Data were analyzed with Prism software (GraphPad Software, CA) unless otherwise indicated. An unpaired or a paired t test was used to compare data from 2 groups. One-way ANOVA with the Holm-Sidak multiple comparison test was used to compare data from more than 2 groups. The Pearson analysis was used to evaluate correlations. Differences were considered significant when p value was <0.05.

Data Availability

Anonymized data not published within this article will be made available by request from any qualified investigator.

Result

First, we evaluated the frequency of Trm-like cells in the peripheral blood of patients with MS and NMOSD, using the characteristic markers, CD69 and CD103. As expected, CD45RA− memory fraction was enriched in CD69+CD103+ double-positive (DP) cells compared with CD45RA+ fraction, both in CD4+ and CD8+ T cells (Figure 1, A–D, eFigure 1, links.lww.com/NXI/A935).
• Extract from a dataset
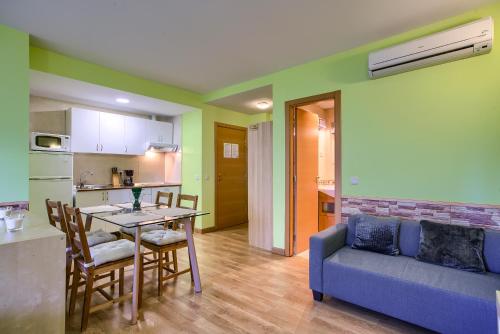 Кухня или мини-кухня в Apartamentos Barajas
The frequency of memory CD4+ or CD8+ T cells was not altered, except for subtle increase of memory CD4+ T cells during relapses in MS (eFigure 2, A and B, links.lww.com/NXI/A936). Because the frequencies of CD69+CD103+ DP fraction among memory CD4+ and CD8+ T cells were not altered by disease conditions (Figure 2, A and B), we focused on their presence in the CSF, surrounding brain parenchyma where the disease process is taking place. The transcriptional profile of T cells in the CSF is known to resemble that of T cells in the brain parenchyma in a mouse model of MS,13 which is also suggested in MS.14 The frequencies of CD69+CD103+ DP T cells among memory CD8+ T cells were strikingly higher in the CSF than in the peripheral blood, from 4 patients with MS and 1 with NMOSD (Figure 2, C and D). We observed a similar trend among memory CD4+ T cells (Figure 2D).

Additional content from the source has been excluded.